- Exercise
Beginning at the line with "Dieta Cetogênica", please repeat each line exactly through the end of the records below, including that first line and the last, but no pictures.

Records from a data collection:
□ □ □ □ □
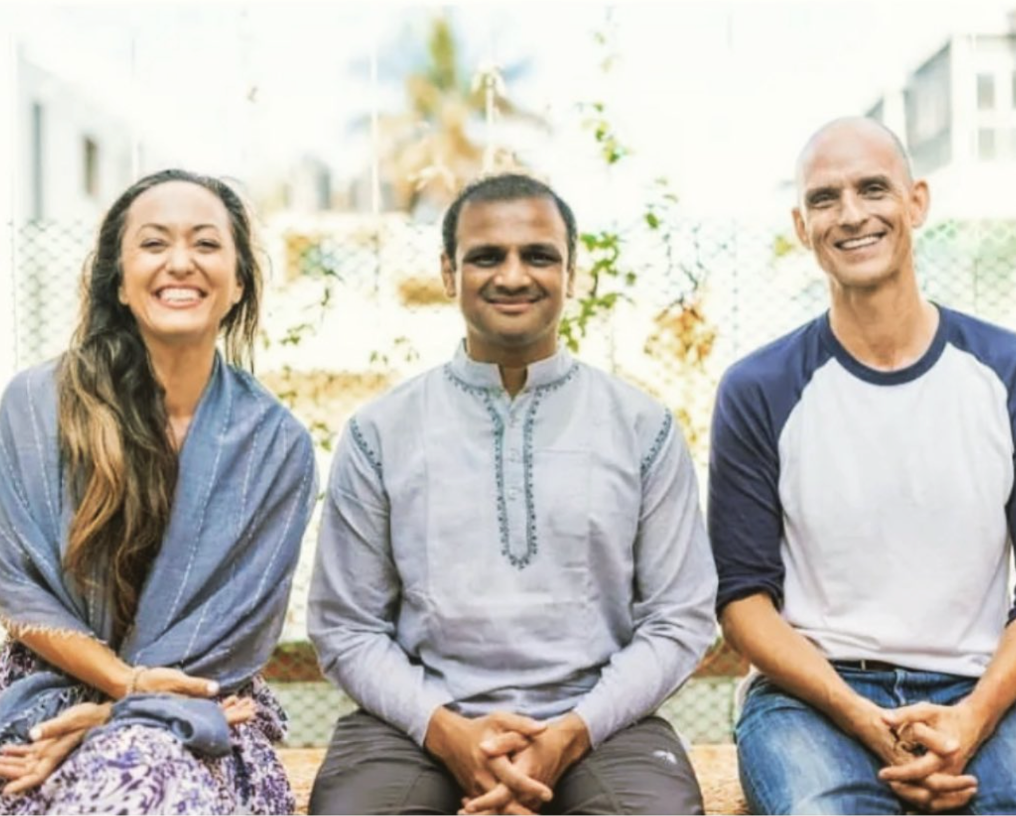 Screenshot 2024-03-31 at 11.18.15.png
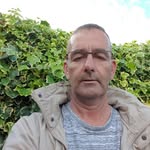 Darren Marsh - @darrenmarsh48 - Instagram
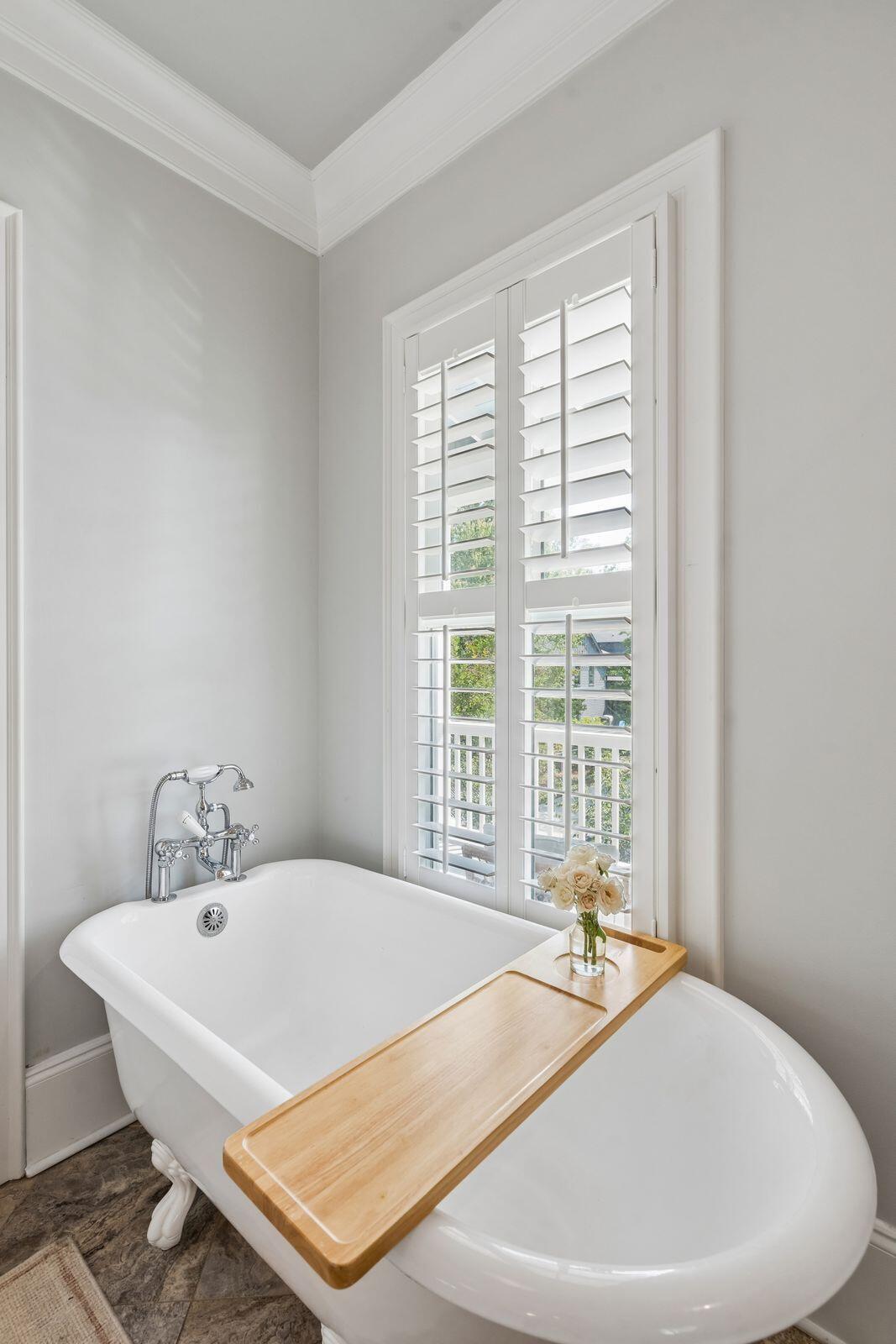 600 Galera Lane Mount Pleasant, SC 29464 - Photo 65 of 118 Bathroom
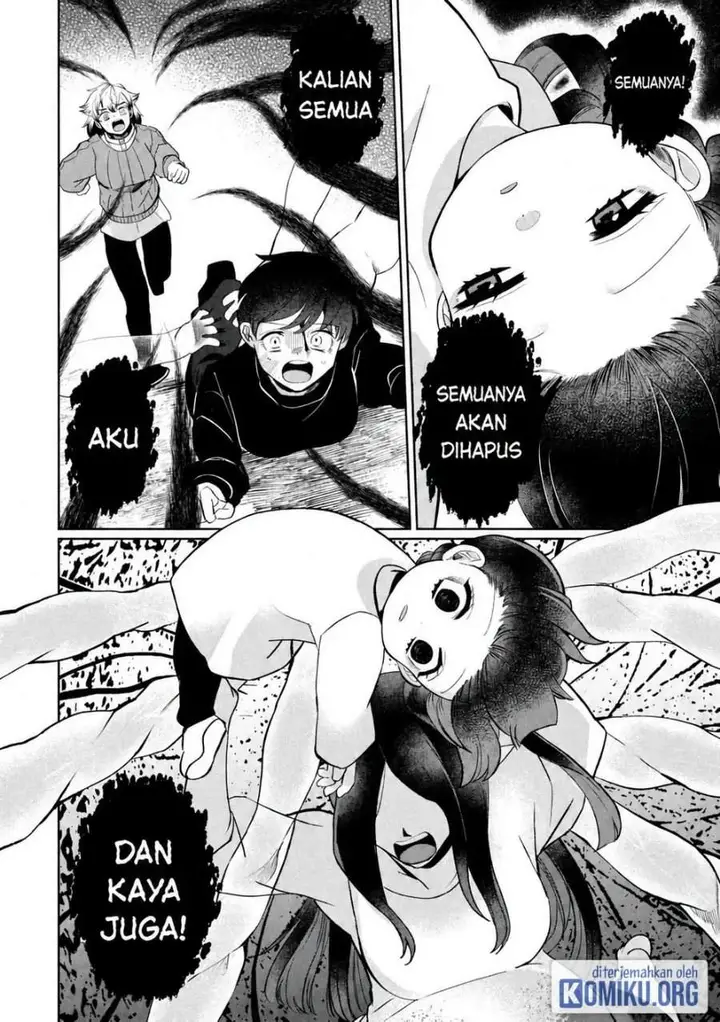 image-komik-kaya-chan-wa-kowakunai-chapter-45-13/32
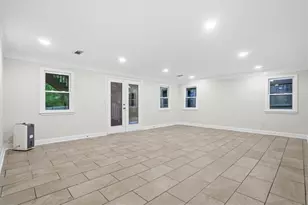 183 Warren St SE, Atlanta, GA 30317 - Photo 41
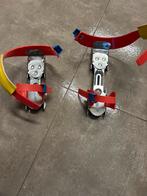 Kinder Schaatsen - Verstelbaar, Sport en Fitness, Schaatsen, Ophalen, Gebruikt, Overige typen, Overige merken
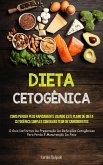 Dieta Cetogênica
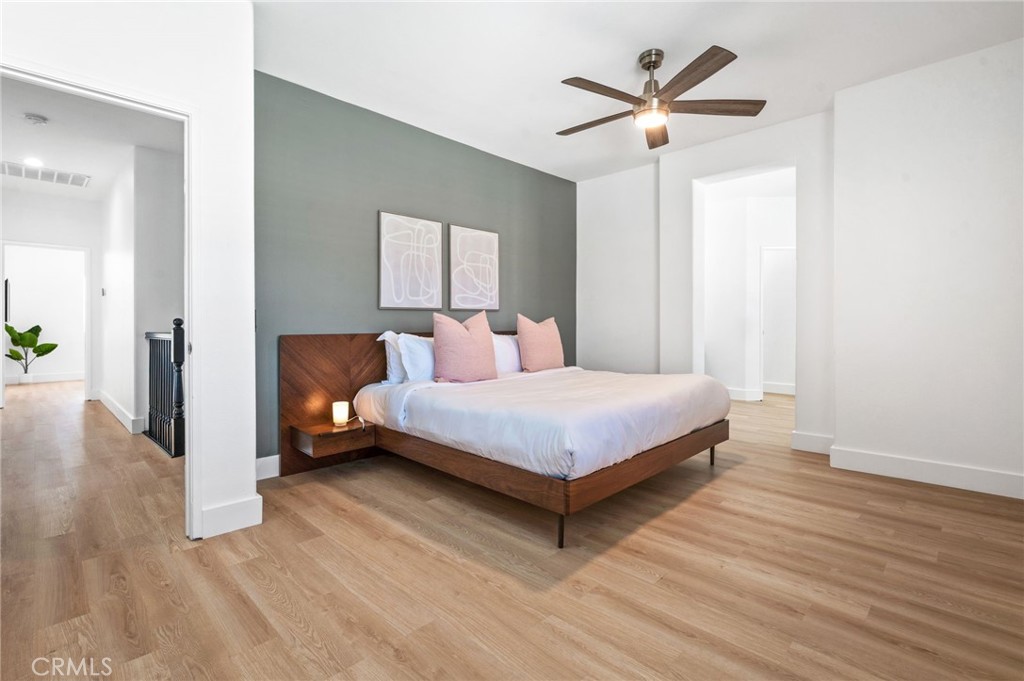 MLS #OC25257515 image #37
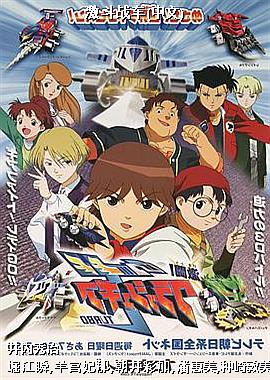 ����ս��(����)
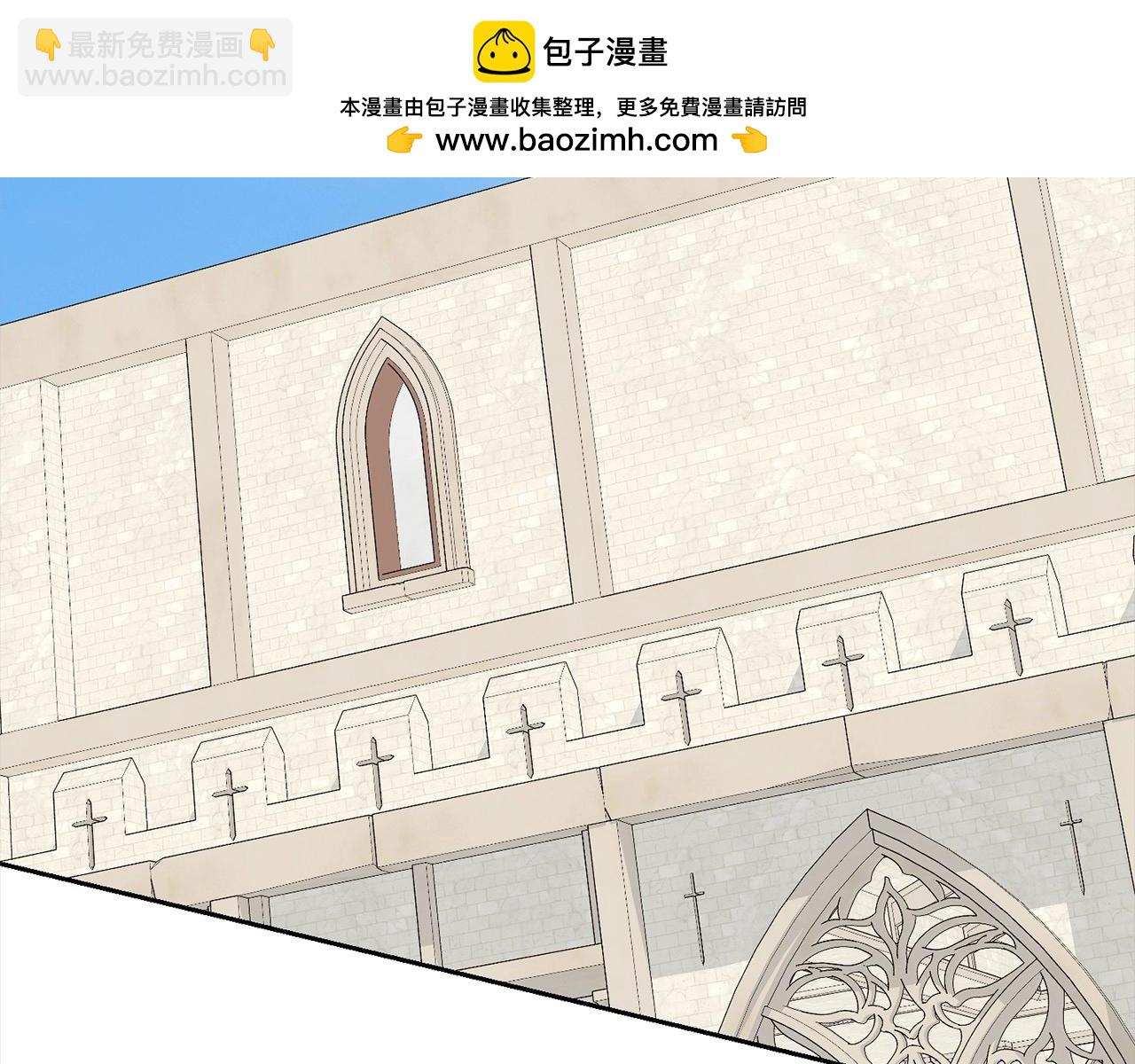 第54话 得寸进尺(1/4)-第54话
□ □ □ □ □
- Solution
 Dieta Cetogênica
 MLS #OC25257515 image #37
 ����ս��(����)
 第54话 得寸进尺(1/4)-第54话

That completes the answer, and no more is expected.